◆ **YOUR INSTRUCTIONS**
Exactly as they stand, repeat the lines from the one containing "Let's look at" through the final line of the listing, both ends included, and nothing else; skip the pictures.

[[ MATERIAL PROVIDED, beginning ]]

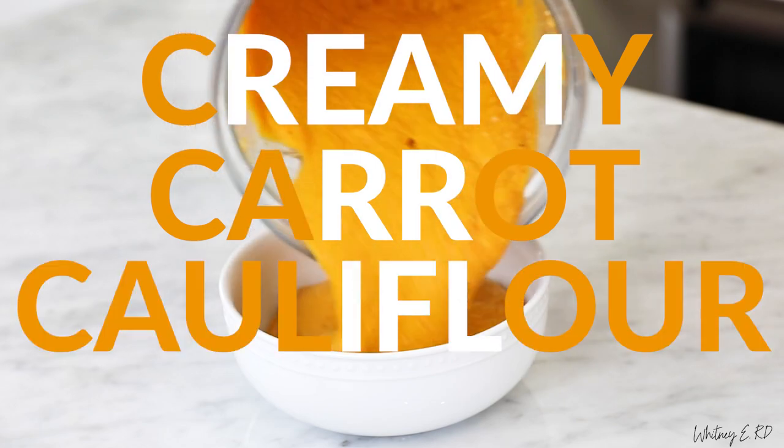Hi friends, Whitney here. Welcome back to my channel Whitney ERD. Today in Whitskitch we're whipping up a delicious non-dairy fall recipe in partnership with my friends at Silk — my creamy carrot cauliflower soup.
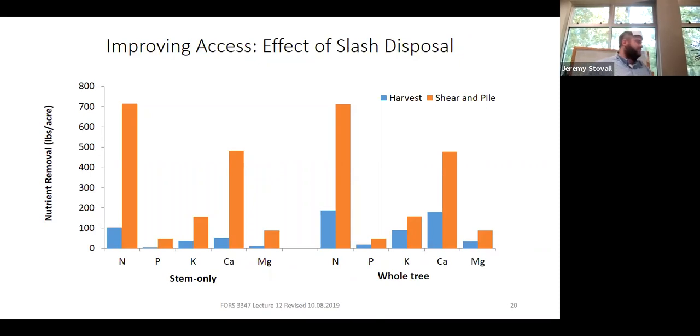Let's look at the ecological impacts of removing slash. Two graphs show nutrients removed in pounds per acre: the left panel shows stem-only harvest, the right panel shows whole-tree harvest. The whole-tree harvest doesn't remove that much more in terms of nutrients than stem-only harvest. But surprisingly, the orangish-red bars — shear and pile site prep — are taller than the blue harvest bars. You're removing more nutrients with site prep than you are with a clear cut. That's counterintuitive and not what we'd expect.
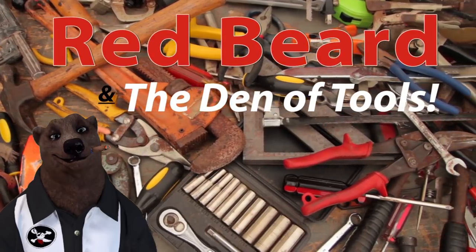Welcome to Red Beard and the Den of Tools. Howdy ho guys and gals, it's Red, your friendly neighborhood tool bear, back again here in the Den of Tools.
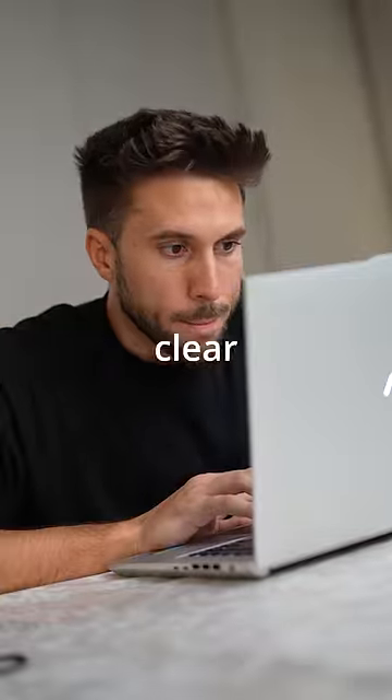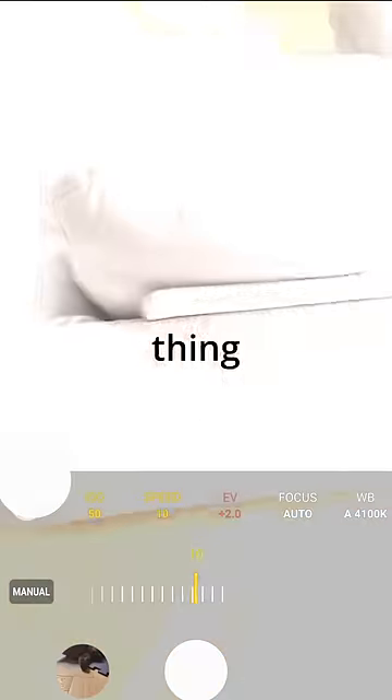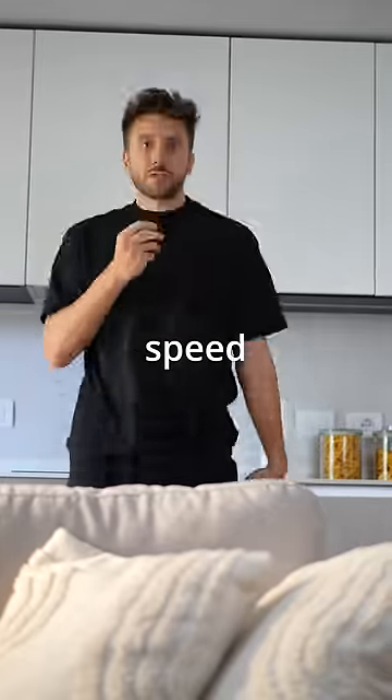I Googled it and then everything was clear: paint with lights. You need to click pro mode in your camera settings and then modify this thing called shutter speed. The lower the shutter speed, the more motion blur you see in your pictures — which is basically the key to becoming an Instagram model.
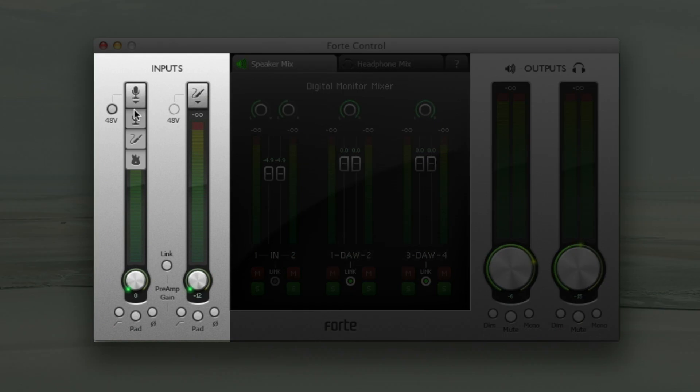Here in the control panel, I can simply click on the microphone symbol to select my inputs as microphone, line or instrument and easily apply phantom power, high pass filter, phase reverse and pad.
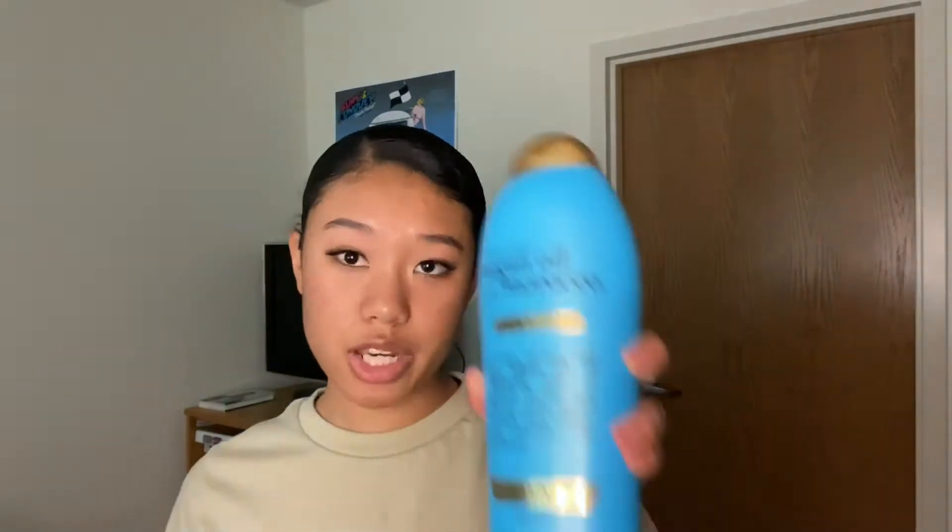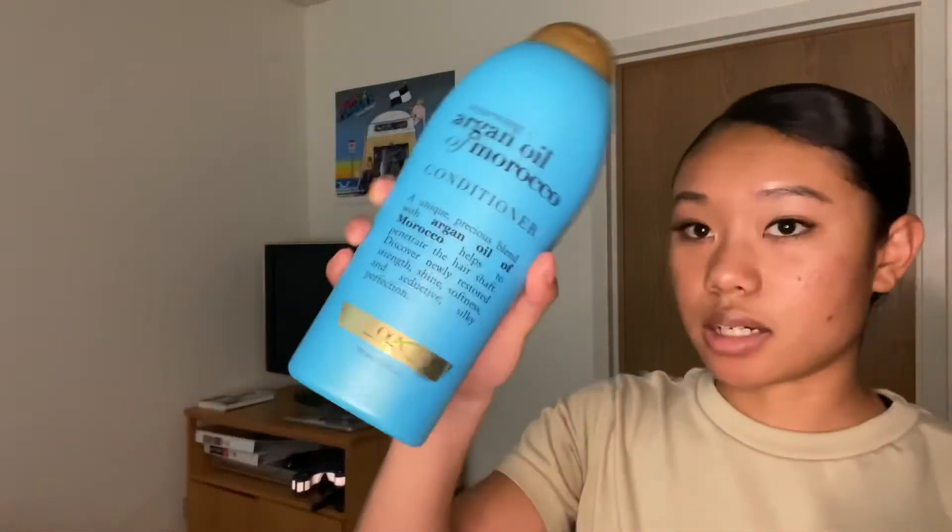My hair's in a bun with a whole bunch of gel in it because I just got back from work. What I'm going to do first is wash my hair so there's no product in it when I dye my hair, so that the color holds better. I'm going to use the OGX Argan Oil of Morocco shampoo and conditioner, and I'll be right back.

[[ MATERIAL PROVIDED, end ]]

◆ **OUTPUT FOR THIS TASK**
Let's look at the ecological impacts of removing slash. Two graphs show nutrients removed in pounds per acre: the left panel shows stem-only harvest, the right panel shows whole-tree harvest. The whole-tree harvest doesn't remove that much more in terms of nutrients than stem-only harvest. But surprisingly, the orangish-red bars — shear and pile site prep — are taller than the blue harvest bars. You're removing more nutrients with site prep than you are with a clear cut. That's counterintuitive and not what we'd expect.
Welcome to Red Beard and the Den of Tools. Howdy ho guys and gals, it's Red, your friendly neighborhood tool bear, back again here in the Den of Tools.
I Googled it and then everything was clear: paint with lights. You need to click pro mode in your camera settings and then modify this thing called shutter speed. The lower the shutter speed, the more motion blur you see in your pictures — which is basically the key to becoming an Instagram model.
Here in the control panel, I can simply click on the microphone symbol to select my inputs as microphone, line or instrument and easily apply phantom power, high pass filter, phase reverse and pad.
My hair's in a bun with a whole bunch of gel in it because I just got back from work. What I'm going to do first is wash my hair so there's no product in it when I dye my hair, so that the color holds better. I'm going to use the OGX Argan Oil of Morocco shampoo and conditioner, and I'll be right back.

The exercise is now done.